Wenige Stunden nach Schließung der Wahllokale haben linke Gruppierungen in Mainz gegen den Wahlerfolg der AfD demonstriert. Nach Angaben der Polizei nahmen rund 70 Menschen an der Versammlung teil.

Die Demonstration sei störungsfrei verlaufen. 

Mit dem entsprechenden Motto "Man bekämpft Faschisten nicht, indem man ihre Forderungen übernimmt" sollte ein Zeichen gegen den Rechtsruck in der Gesellschaft gesetzt werden, hieß es auf der Demo am Sonntagabend.
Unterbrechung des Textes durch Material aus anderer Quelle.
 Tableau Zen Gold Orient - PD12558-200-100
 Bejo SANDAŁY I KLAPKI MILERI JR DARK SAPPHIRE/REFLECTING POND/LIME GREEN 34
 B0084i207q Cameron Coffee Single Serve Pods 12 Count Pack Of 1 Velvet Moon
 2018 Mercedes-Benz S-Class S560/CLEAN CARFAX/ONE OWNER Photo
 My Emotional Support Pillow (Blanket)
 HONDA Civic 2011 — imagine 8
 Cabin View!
Zwischendurch wurden von den Menschen immer wieder Parolen wie "Ganz Mainz hasst die AfD" oder "Hoch die internationale Solidarität" gerufen.

Teilnehmer einer Demonstration protestierten gegen die AfD.
Teilnehmer einer Demonstration protestierten gegen die AfD.  © Philipp Rahn/dpa

22. März, 21.44 Uhr: AfD stärkste Kraft in Wahlkreis Kaiserslautern I

Bei der Landtagswahl in Rheinland-Pfalz ist die AfD im Wahlkreis Kaiserslautern I stärkste Kraft geworden.
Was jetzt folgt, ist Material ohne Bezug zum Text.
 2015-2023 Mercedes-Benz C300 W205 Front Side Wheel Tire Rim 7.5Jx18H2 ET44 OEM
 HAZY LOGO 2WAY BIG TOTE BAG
Dem am Sonntagabend vom Statistischen Landesamt in Bad Ems veröffentlichten Zwischenergebnis zufolge kam die Partei dort auf 26,1 Prozent der Zweitstimmen. Sie lag damit knapp vor der SPD mit 25,5 Prozent sowie der CDU mit 20,8 Prozent.
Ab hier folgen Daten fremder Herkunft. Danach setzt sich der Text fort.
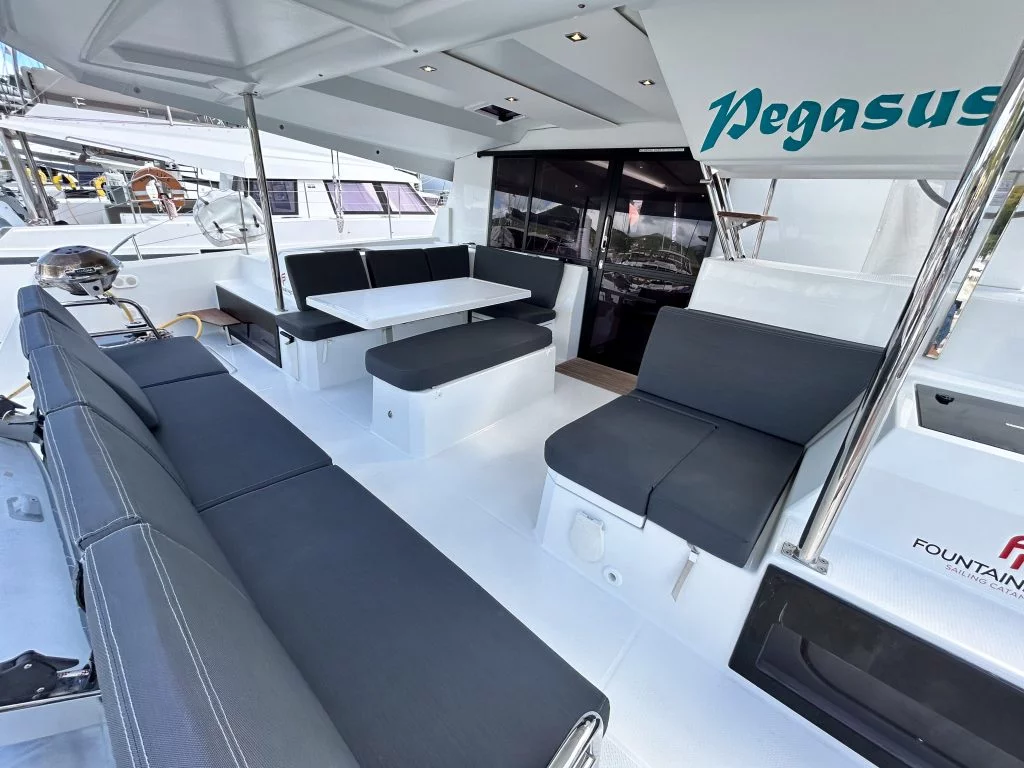 Fountaine Pajot Astrea 42 - 3 + 1 cab. (Pegasus)  - 13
Das Direktmandat ging an den SPD-Politiker Andreas Rahm, der laut Zwischenergebnis 27,7 Prozent auf sich vereinen konnte. AfD-Kandidat Tom Kotzian kam den Angaben nach auf 26 Prozent, während CDU-Bewerber Marc Fuchs 21,4 Prozent erreichte.

22. März, 21.40 Uhr: Spitzengremien der Bundesparteien beraten über Ergebnis der Landtagswahl

Die Spitzengremien der Bundesparteien kommen am Montag in Berlin zusammen, um über das Ergebnis bei der Landtagswahl in Rheinland-Pfalz zu beraten. Mit großer Spannung wird die Sitzung des Präsidiums der SPD erwartet.

Die Partei hat nach 35 Jahren ihre Rolle als stärkste Partei in dem Land an die CDU verloren. Die Vorsitzenden Lars Klingbeil und Bärbel Bas kündigten an, sich einer Debatte über Kurs und Spitzenpersonal stellen zu wollen (PK Klingbeil 11.15 Uhr).

Bei der siegreichen CDU stellen sich nach den Gremiensitzungen Bundeskanzler Friedrich Merz und der erfolgreiche rheinland-pfälzische Spitzenkandidat Gordon Schnieder den Fragen der Hauptstadtmedien. Das soll ab 13.30 Uhr der Fall sein.

Pressekonferenzen der Parteispitzen planen auch die Linke (13 Uhr), die Grünen (14 Uhr) und die FDP (16 Uhr).